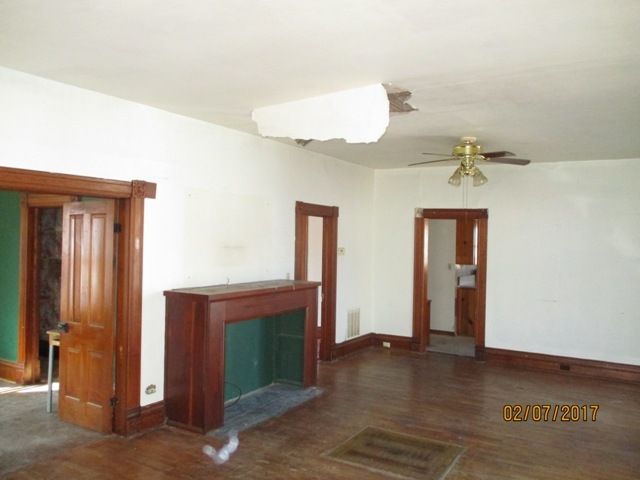 614 E 10th, Newton, KS 67114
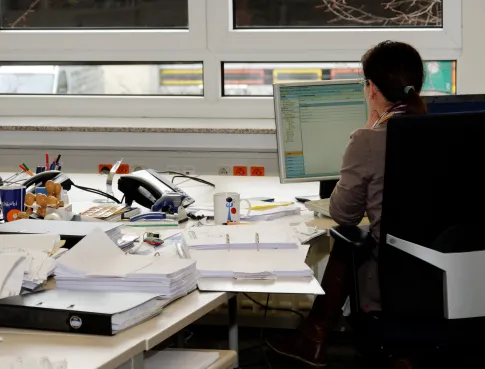 Se former vite pour travailler dans le m&eacute;dical : bonne id&eacute;e ou faux raccourci ?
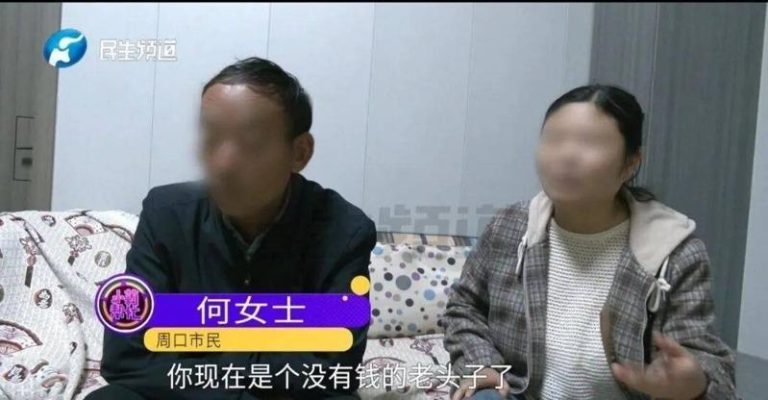 62岁农村大爷3个月打赏女主播50万，让全家人傻眼。（视频截屏）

- INSTRUCTIONS FOR THE TASK -
With pictures excluded, copy exactly the lines from the line containing "Se former vite" through the last line of the listing above, both ends included.

- SOLUTION BELOW -
 Se former vite pour travailler dans le m&eacute;dical : bonne id&eacute;e ou faux raccourci ?
 62岁农村大爷3个月打赏女主播50万，让全家人傻眼。（视频截屏）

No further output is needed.